24Notional rent of own house used for business — not allowed to owner u/s 30Sec 30 proviso
25Interest paid to Bank after due date of filing Return of IncomeSec 43B
26Contribution to PM Relief Fund debited to P&L — disallowed in PGBP, allowed u/s 80G (100%)Sec 37
27Loss on sale of capital asset — treated under Capital GainsWrong head
28Loss on sale of Scientific Research AssetSec 41(3) — adjustment
29Industrial power tariff concession from Govt — always included in incomeSec 28(iiib)
304/5th of Preliminary Expenditure (only 1/5th allowed per year for 5 years)Sec 35D
31Amount payable to MSME beyond time limit in MSME Act 2006 — allowed only on actual paymentSec 43B(h) — 45 days if written agreement, 15 days if no agreement
32Capital expenditure/Repairs of capital natureCapital — depreciation only
33Fine/Penalty for breach of lawSec 37 Explanation 1
34Expense on issue of Right Shares, Public Issue, and increase in authorised capitalCapital nature

## Key principles

  • 40A(2) — Excess payment to specified relatives is disallowed only to the extent of unreasonableness.
  • 40A(3) — Cash payments > ₹10,000 per person per day are disallowed (limit is ₹35,000 for transporters).
  • 43B — Statutory dues (tax, interest, employer PF, leave salary) allowed only on actual payment before due date of ROI.
  • Penalty distinction — Compensatory penalty/interest is allowed; punitive penalty for breach of law is disallowed.

Worked example

### Example 1

Example 1 — Salary to Relative (Sec 40A(2))

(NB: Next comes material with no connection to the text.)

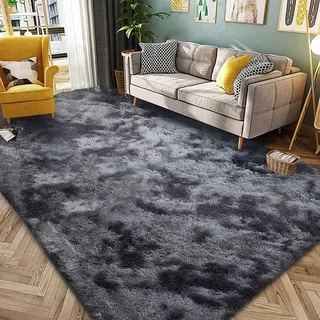 JURLEA Teppich moderner Flauschiger Hochflorteppich für Wohnzimmer weicher Rutschfester Teppich für Schlafzimmer Spielzimmer Moderne Heimdekoration (Schwarzgrau, 200 x 250 cm)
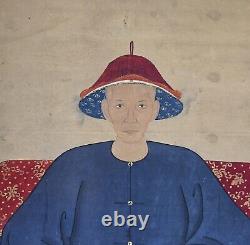 Large Antique Chinese Blue Robe Man Ancestor Scroll Painting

Firm pays ₹5,00,000 salary to partner's wife. Reasonable salary for such work = ₹3,00,000.

→ Disallowance = ₹5,00,000 − ₹3,00,000 = ₹2,00,000 added back.

### Example 2

Example 2 — Cash payment u/s 40A(3)

Company pays ₹25,000 in cash on a single day to a supplier (not a transporter).

→ Entire ₹25,000 disallowed (exceeds ₹10,000 cash limit).

### Example 3

Example 3 — MSME payment u/s 43B(h)

A buyer purchases goods from an MSME on 1-March-2026. Written agreement: payment within 30 days. Buyer pays on 30-April-2026.

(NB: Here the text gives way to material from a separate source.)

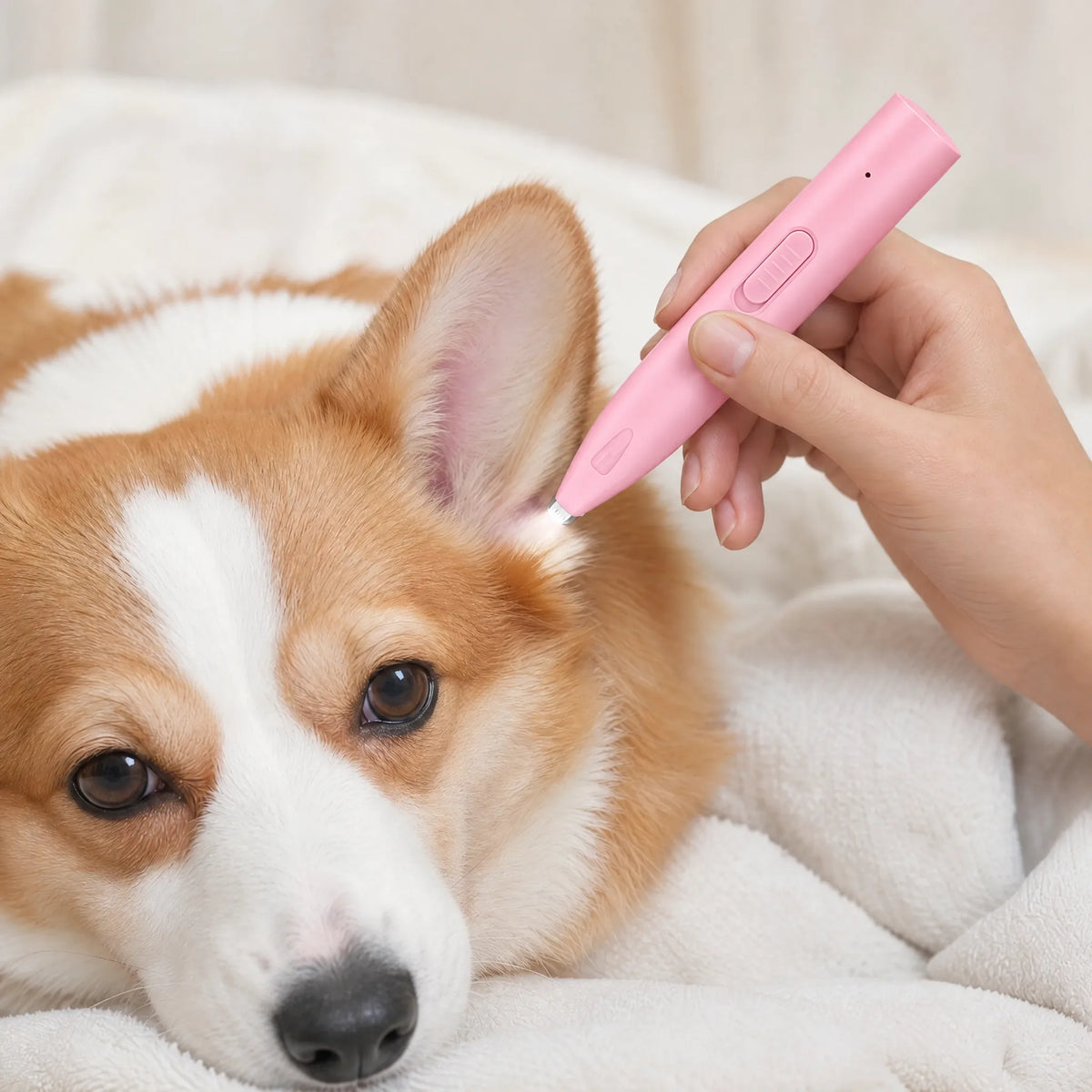Ritocco dei peli del cane in casa con il trimmer rosa a LED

→ Statutory cap = 45 days. Agreement said 30 days; payment delayed beyond agreed period → if not paid in same FY, disallowed and allowed in year of payment.

### Example 4

Example 4 — TDS default on Resident (40(a)(ia))

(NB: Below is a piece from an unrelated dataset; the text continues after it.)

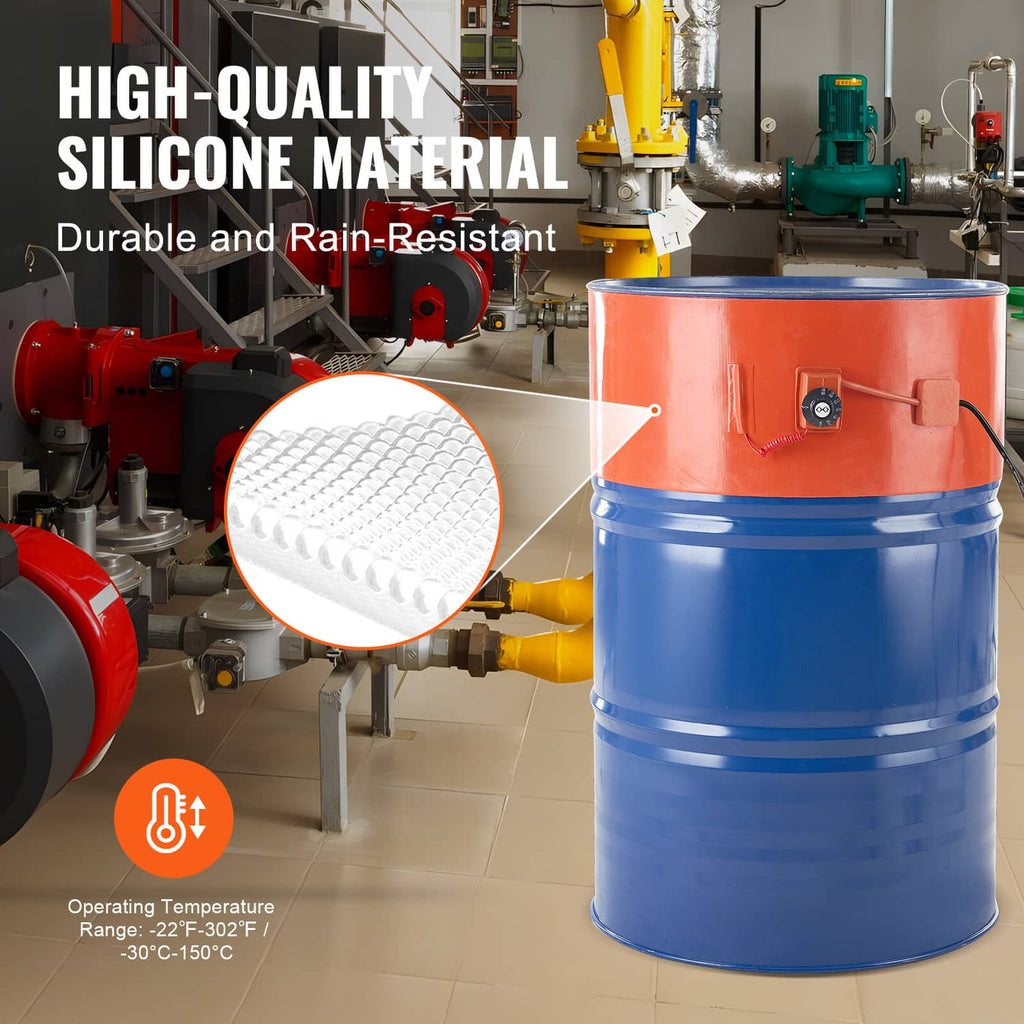 Orange drum heater wrap with blue metal band and silicone material focus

Company pays ₹1,00,000 rent to a resident landlord without deducting TDS u/s 194I.

→ Disallowance = 30% × ₹1,00,000 = ₹30,000 added back. (Allowed in the year TDS is paid.)

⚠️ Common exam mistakes

  • Disallowing 100% of TDS-defaulted payment to a Resident — only 30% is disallowed; for Non-Residents the full 100% is disallowed.
  • Adding back depreciation as per IT Act — students sometimes add back the IT Act depreciation; correct rule is to add back book depreciation and then deduct IT Act depreciation.
  • Treating donations to political parties as fully disallowed — disallowed under PGBP but allowed under Chapter VI-A (80GGB/80GGC).
  • Allowing entire VRS compensation in one year — only 1/5th per year for 5 years under Sec 35DDA.
  • Forgetting that family planning expenses are deductible only for companies under Sec 36(1)(ix).
  • Confusing the 40A(3) limit — ₹10,000 in general, but ₹35,000 for transporters.
Bare-Act text Sections 28-44, 40A, 43B · Income-tax Act, 1961 · click to expand
Section 40A(2): Where the assessee incurs any expenditure in respect of which payment has been made to a person referred to in clause (b)... and the Assessing Officer is of opinion that such expenditure is excessive or unreasonable having regard to the fair market value... so much of the expenditure as is so considered by him to be excessive or unreasonable shall not be allowed. Section 40A(3): Where the assessee incurs any expenditure in respect of which a payment exceeding ten thousand rupees is made otherwise than by an account payee cheque/bank draft/electronic mode, such expenditure shall not be allowed. Section 40(a)(ia): Thirty per cent of any sum payable to a resident, on which tax is deductible at source... and such tax has not been deducted or after deduction has not been paid before the due date specified in sub-section (1) of section 139.